The above quote by the legendary Bill Shankly perfectly summarizes the emotions of a hardcore football fan in Sweden. Though getting a football (the real one which is not played using hands) anytime in the year is never a challenge, getting an ice-free green turf to play on, definitely is. Allsvenskan is the top tier of the Swedish football system. The league runs from early April to early November with 16 teams competing for the bragging rights of being the champion. This league also has our local Uppsala team, IK Sirius. In 2016 Sirius, as it is widely known, gained promotion to the top flight of Swedish football after 42 years. The 2017 season saw the newly promoted Uppsala team start brightly, but a dip in form at the end meant they finished 7th in the league. This was a very good season considering it was a newly promoted team. IK Sirius plays its home games at the Studenternas IP , which becomes a venue for Bandy games during winter.

All current students of Uppsala University have the opportunity to get free tickets to the some home matches. Through an agreement with Sirius Fotboll, 150 free tickets are distributed to the students for two of this seasons home games (against Djurgården and Östersund).These tickets are limited and so the students have to reserve their free ticket online and later collect it from a pre-disclosed collection centre. For all other home matches students are given a nice discount.

My first IK Sirius home game was against IFK Norrköping on August 20, 2017. It was bright and sunny with no hint of rain i.e. perfect weather for a game of football. People turned out in large numbers to support their team and the whole stadium was buzzing with enthusiasm. It was the then 3rd vs 4th placed team in the league table.

Let the game begin!

From the kickoff to the end of the first half, IFK Norrköping totally dominated the game and they got a well deserved lead in the 29th minute through a fine effort from Sebastian Andersson. Thereafter they had numerous chances to increase their advantage, but poor finishing and last ditch defending from the home team meant that the tie was still in the balance.

The away fans, though a minority by far, made their presence felt in the first half when their team was on top. Sirius came out much stronger in the second half and put on a much improved performance. Unfortunately their valiant efforts were not enough to rescue a point. The home team was comprehensively outplayed.
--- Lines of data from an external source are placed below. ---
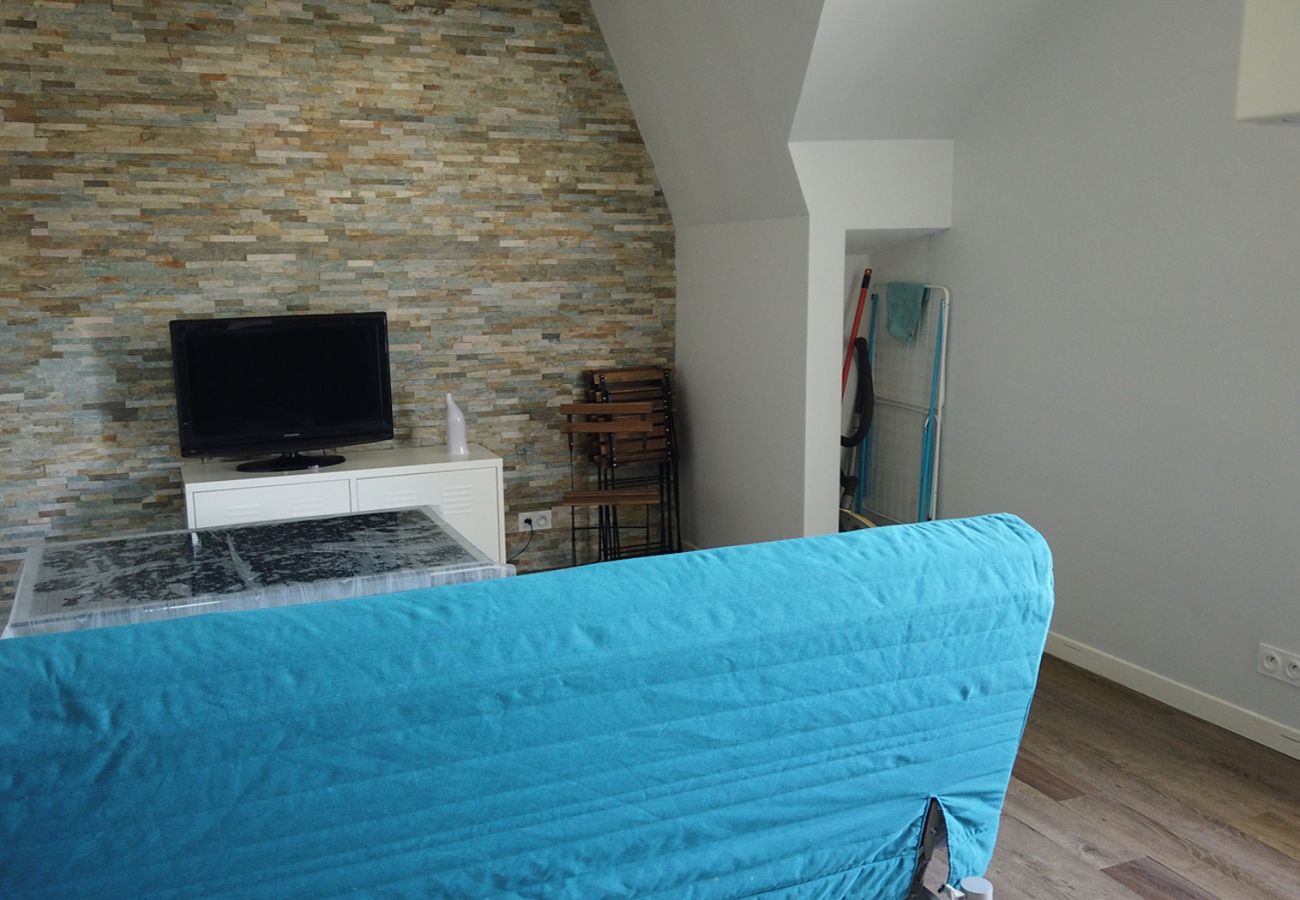 Apartamento en Pornichet - hoomy10459 Apartamento en Pornichet - hoomy10459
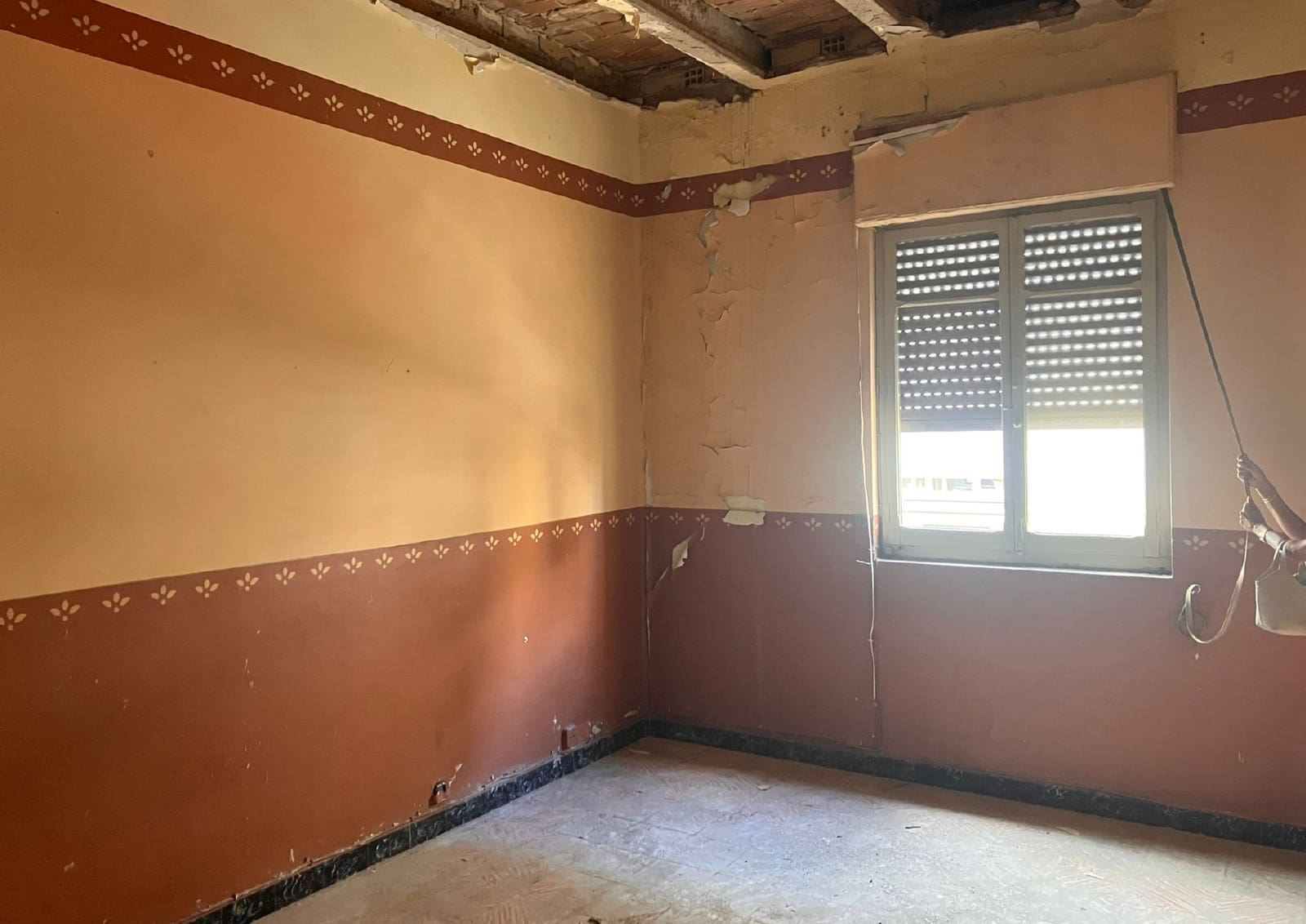 3 soveværelse Butik til salg i Ondara med garage - € 280.000 (Ref: 8777534)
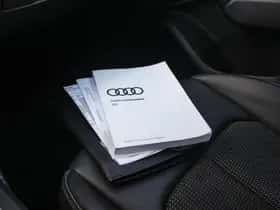 Audi Q2 (2023) thumbnail 38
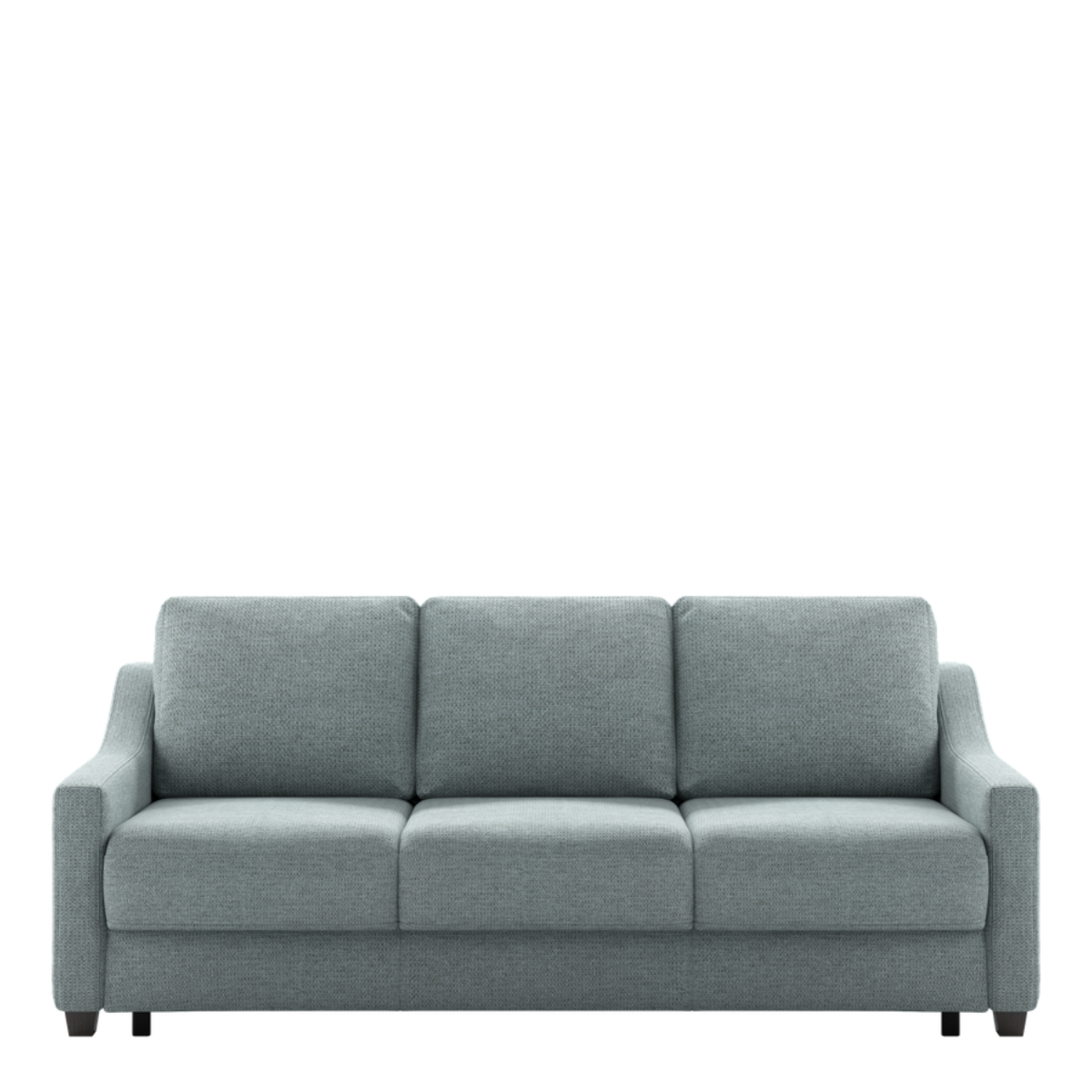 Urban Natural - Nautica King Sleeper Sofa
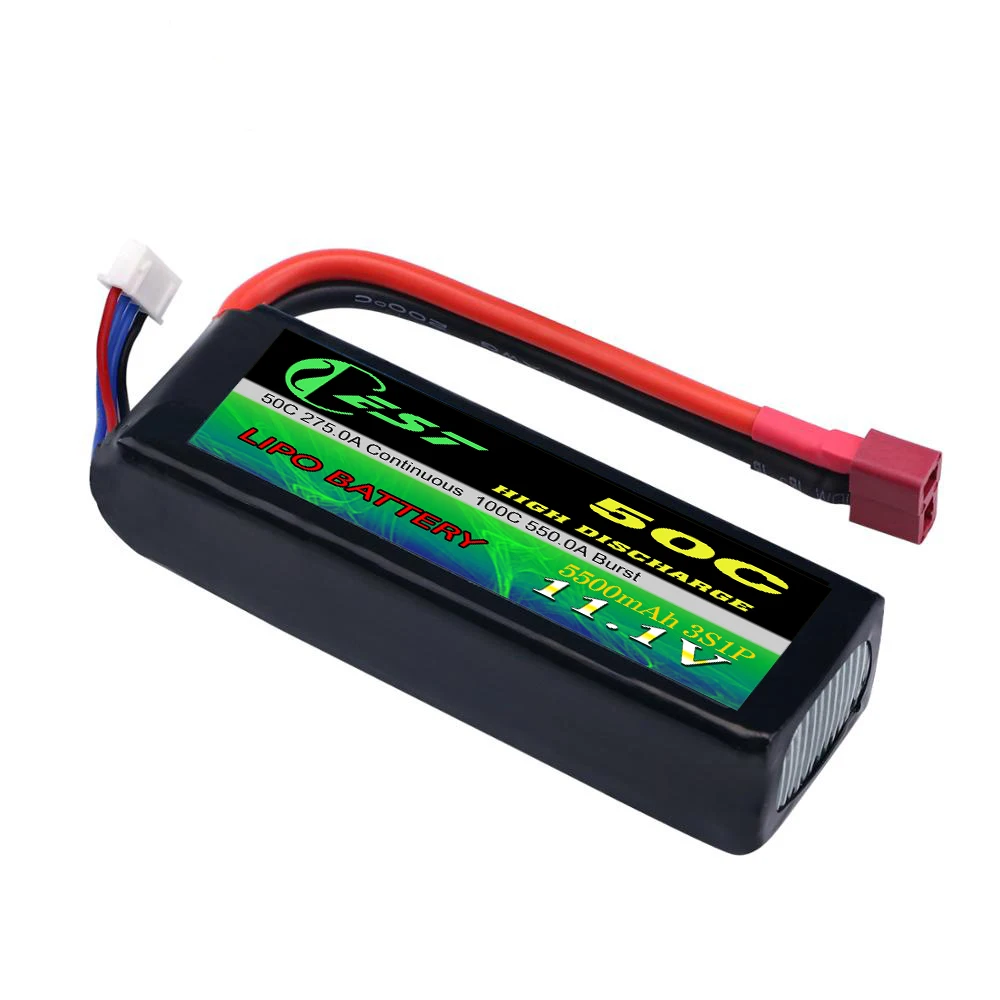 Автомобильный Дрон ki big rc аккумулятор для самолета цилиндрический 3 7 в 4 12s Вольт литий-ионный 1800 mah 1000amh 16000 22000mah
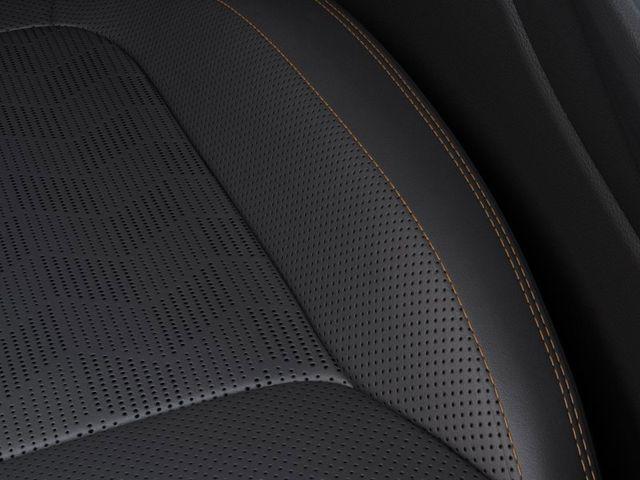 new 2026 Jeep Cherokee car, priced at $42,995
Thus the match ended 1-0 to Norrköping. The final score-line did not reflect the dominance of the visitors for majority of the match.

The final score-line.

This was my first taste of Swedish football and I had a gala time. The students had separate sections for them and it was completely full. Though the team I supported lost, I still got to see some free flowing attacking football in the first half. The second half was dull in comparison with the visitors playing it safe. The best part was the ‘ultras’ or the hardcore fan group relentlessly  leading the chants for the home team, egging them on to make a comeback . The new season has just begun, I hope to attend many more games this time and support my adopted local team.

As they say: Win or Lose, the support never dies.



  1. Yanda

    Nice article. How much is the average ticket price per match?

  2. David Nygren

    Hi Yanda!
    For students the price with discount is 100 SEK for standing spectators.